_Aim of the task_
Beginning at the line containing "22-nji martda 30", repeat each line below exactly up to and including the line containing "潮牌棒球帽 简单休闲风的棒球帽 减龄百搭". Do not repeat the pictures.

_Data provided_
▬▬▬▬▬▬▬▬▬▬

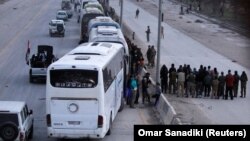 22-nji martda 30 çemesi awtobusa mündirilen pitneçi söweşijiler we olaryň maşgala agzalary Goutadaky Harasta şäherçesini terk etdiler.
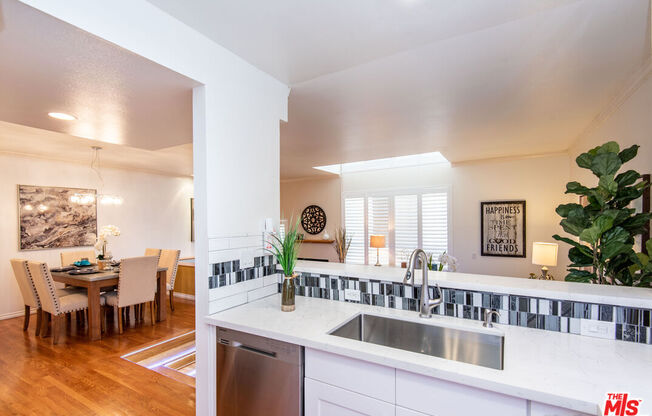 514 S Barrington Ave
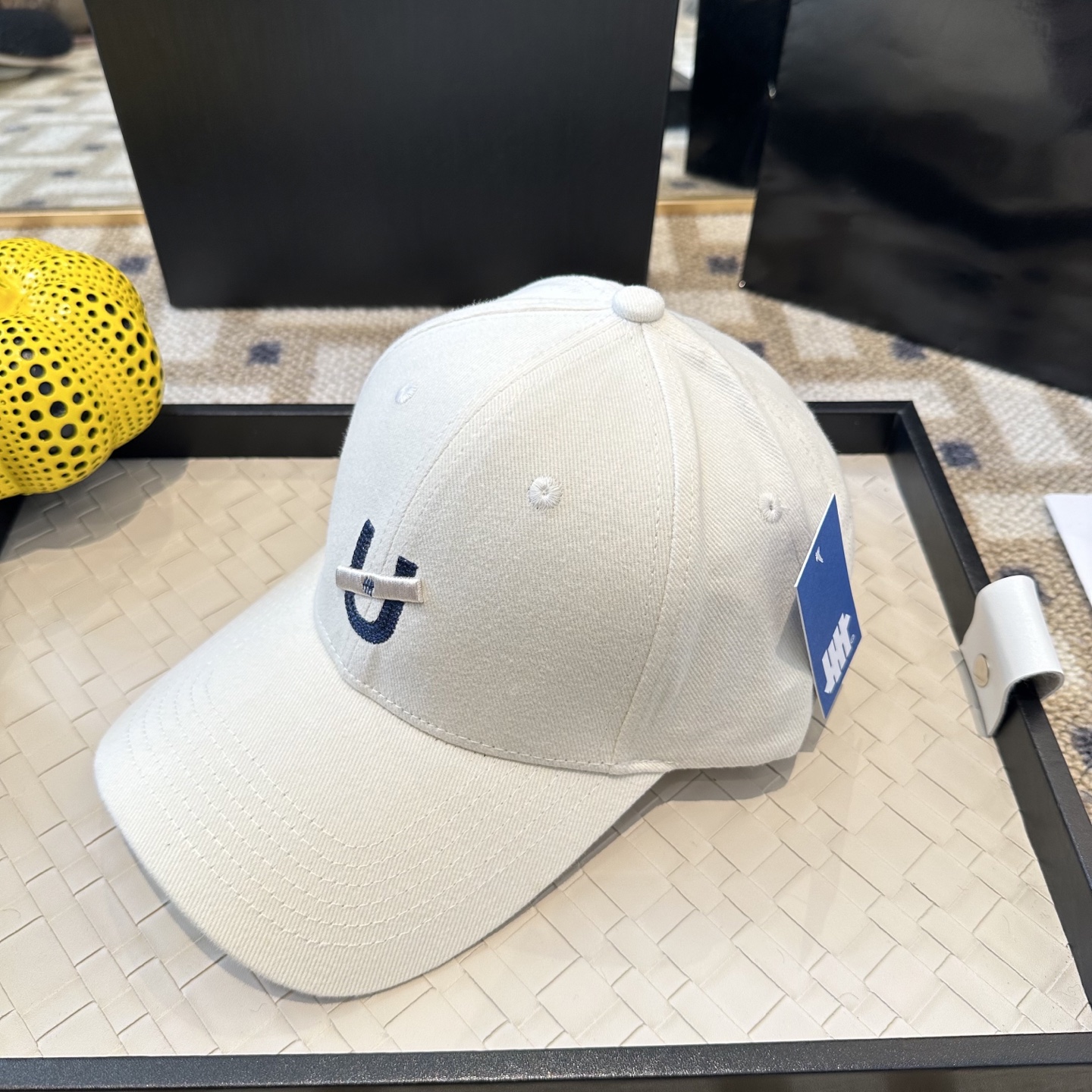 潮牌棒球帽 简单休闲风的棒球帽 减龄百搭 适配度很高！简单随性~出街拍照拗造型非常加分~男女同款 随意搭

▬▬▬▬▬▬▬▬▬▬

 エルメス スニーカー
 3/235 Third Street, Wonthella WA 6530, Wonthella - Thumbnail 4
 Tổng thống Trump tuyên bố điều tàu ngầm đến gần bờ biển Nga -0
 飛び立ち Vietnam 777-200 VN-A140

▬▬▬▬▬▬▬▬▬▬

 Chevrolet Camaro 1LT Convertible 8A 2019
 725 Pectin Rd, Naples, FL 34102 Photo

▬▬▬▬▬▬▬▬▬▬

_Your solution_
 22-nji martda 30 çemesi awtobusa mündirilen pitneçi söweşijiler we olaryň maşgala agzalary Goutadaky Harasta şäherçesini terk etdiler.
 514 S Barrington Ave
 潮牌棒球帽 简单休闲风的棒球帽 减龄百搭 适配度很高！简单随性~出街拍照拗造型非常加分~男女同款 随意搭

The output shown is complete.